Green, Drs Elmer and Alyce – Experiments - With Mr Karabanda’s son, the numerical genius who turned out to be a savant
Type of Spiritual Experience
A description of the experience
Beyond Biofeedback – Drs Elmer and Alyce Green
The first opportunity to test the psychophysiology lab was with a fifteen-year-old "numerical wizard" in Kanpur.
We went with Swami Rama to the home of Mr. Karabanda, the municipal tax collector at Kanpur. Mr. Karabanda said we would not be able to forget his name because it meant "true man," the name of one of our presidents, but we have found it easier to remember Truman than Karabanda.
The numerical genius turned out to be an "idiot savant," who had apparently suffered brain damage at birth which subsequently interfered with normal cortical development. He was happy, cooperative, and seemed to have the general mental characteristics of a six-year-old boy, though in equanimity and poise he seemed more like a twenty-year-old.
The demonstration took place in a secluded garden. A rug was spread out on the grass and the boy sat on it, cross-legged. Swami Rama asked questions, and Mr. Karabanda checked the answers.
Questions consisted not of arithmetic problems in this particular case, but of naming the days of the week in the preceding few years associated with specific dates, such as what day of the week was January 11, 1969. This boy was famous in Kanpur, and we could see why. He named the day correctly in six out of seven trials. While resting, his heart rate, as shown by the cardiotachometer, averaged about eighty beats per minute. When asked a question he would close his eyes and his heart rate would go up to about 120 beats per minute and stay there until he said the day of the week, at which it abruptly dropped.
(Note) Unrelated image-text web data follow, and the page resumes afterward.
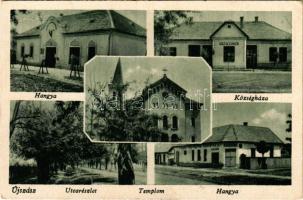 1944 Újszász, Községháza, utca, templom, Hangya üzlete és saját kiadása (Rb)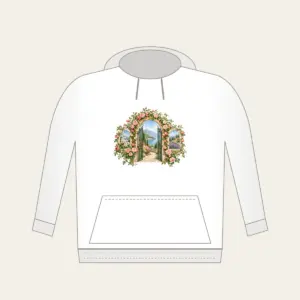 Rose Garden Gate Arch Hoodie in white: An arched garden gate wrapped in blush and green climbing roses, with botanical and landscape scenes in its openings.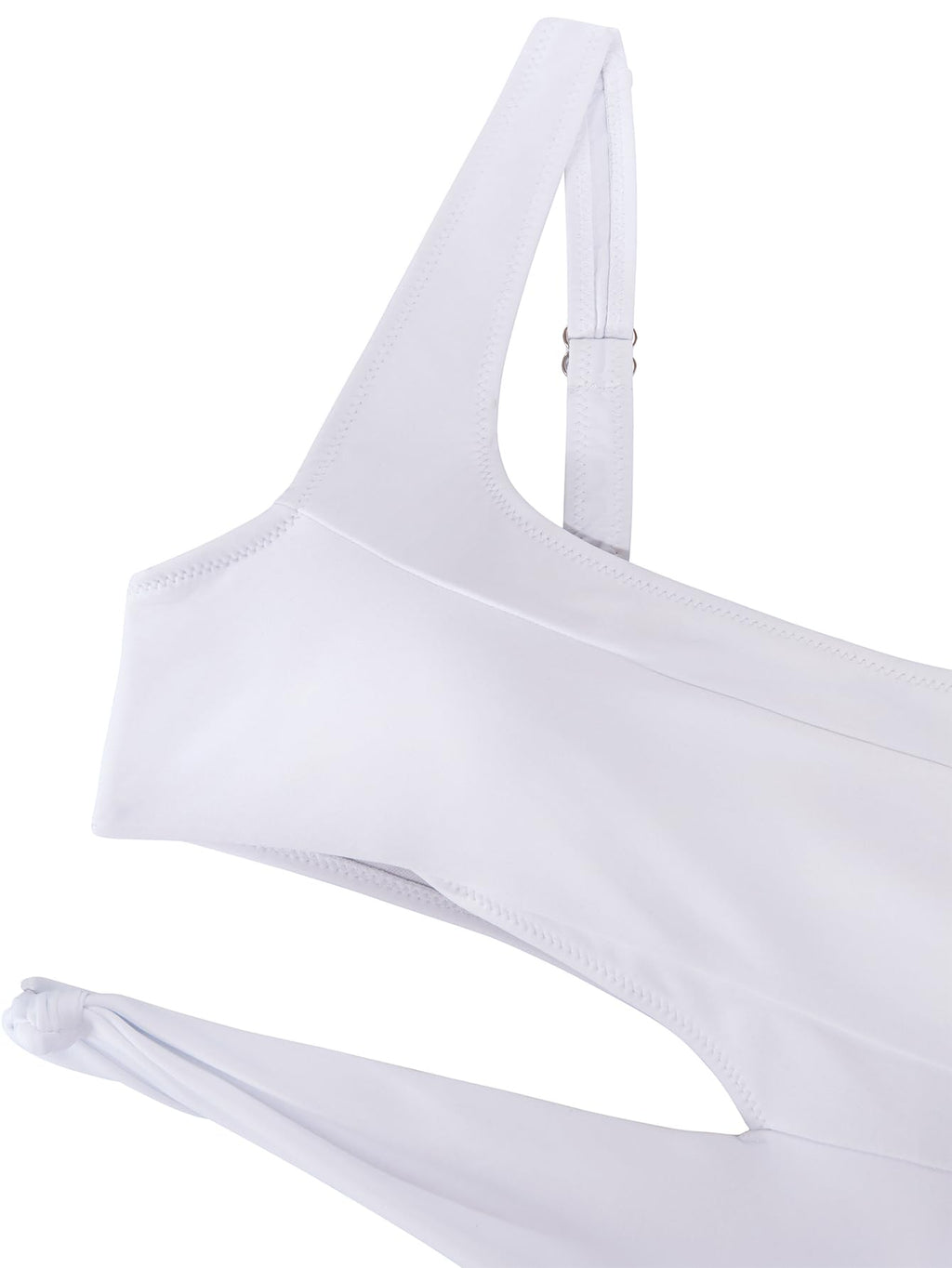 Lilosy Sexy Knotted Ruched Cutout Swimsuit High Cut Leg One Piece Cheekly Bikini Brazilian Women Bathing Suit White Medium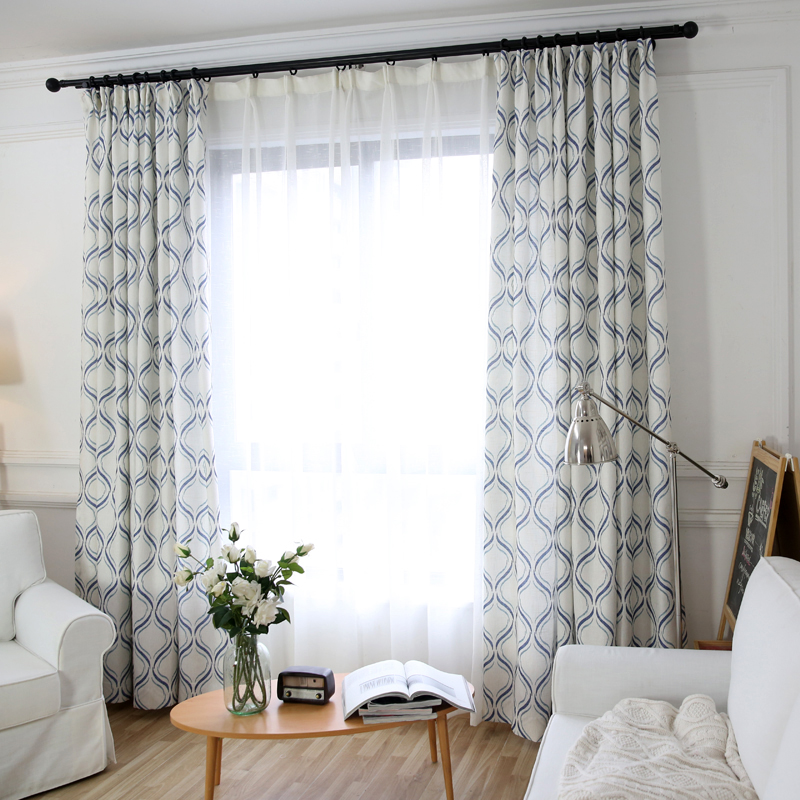 

modern Wavy stripes printing living room decor curtains fabric for kitchen, eyelets shower bay window curtain drape (#LRLY1703, Purple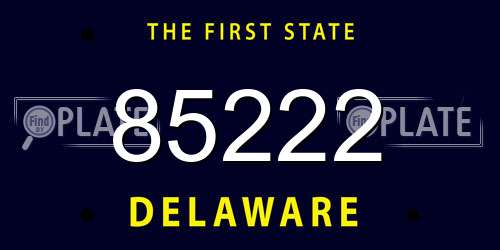 85222 Delaware License Plate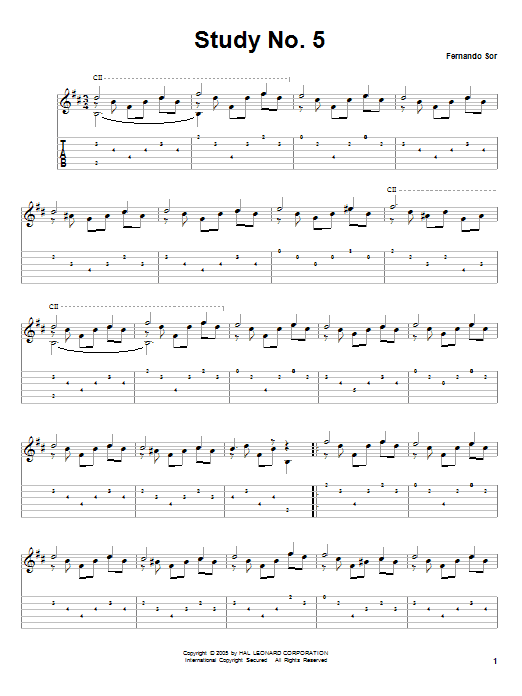 Download Fernando Sor Study No. 5 Sheet Music and learn how to play Guitar Tab PDF digital score in minutes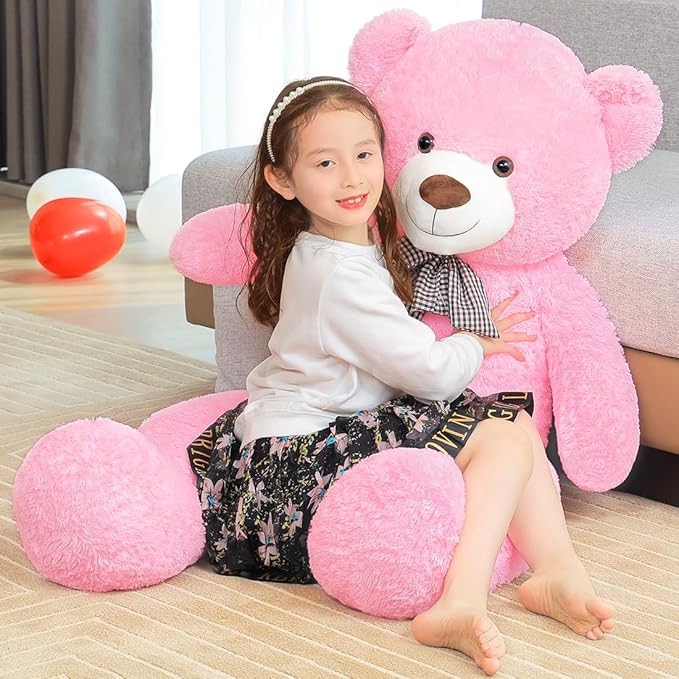 Giant Pink Teddy Bear 45 inch Stuffed Animals Plush Toy, Cute Life Size Big Soft Bear for Boy Girl Birthday Valentine Mother's Day, 4.5 LBs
Idiot savants, throughout history, have been studied at length. Perhaps in these cases intuitive knowledge comes readily to consciousness because the cortical faculty of rational discursive thinking, which seems to inhibit intuitional thinking, is non-functional. At unconscious levels we seem to know things that are blocked from consciousness.
When they come, or try to come, to consciousness our rational faculty questions, dissects, analyzes, and often destroys.
The rational faculty introduces doubt and in the welter of psychological noise, intuition is often overcome or discredited. For psychic intuition to work effectively, the rational mind must be held quiet for a time, it seems. Here again we see a difference between psychics and scientists and can understand why it is so difficult for each to understand the other, even when they try sincerely.